For many years organized crime profited from illegal video gambling machine operations in Illinois. The chairman of the Illinois Gaming Board said it was "almost impossible: to keep the mob out of video gambling. That is why transparency is needed now that the machines are legal.|
Currently, monthly Video Gambling reports issued and posted on the Illinois Gaming Board website list the names of establishment, amount of money gambled, amount won, net wagering activity, state and municipality's share of taxes.
SB 1738 prohibits the board from disseminating information relating to video gambling specific to individual locations, and only allows information aggregated based on the municipality or county.
It is important for the public to see how much money is being gambled and lost at each establishment.
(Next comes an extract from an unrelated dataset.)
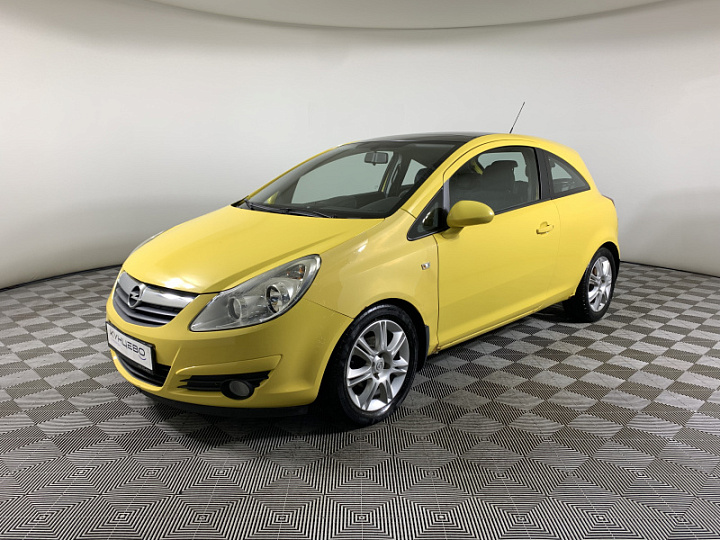 Opel Corsa 1.4, 2008 года, Автоматическая, Желтый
Without this transparency, we are concerned money laundering and organized crime will gain a foothold. Riverboat casinos must reveal monthly financial information, and so should video gambling establishments.
Establishments are getting 35 percent of the revenue from video gambling (municipalities get 5 percent), and these funds could pay for security measures. Video gambling establishments need to take responsibility to safeguard the funds in their establishments such as making daily or twice a day deposits, contracting with an armored car for delivery to banks, installing surveillance equipment, or hiring security staff.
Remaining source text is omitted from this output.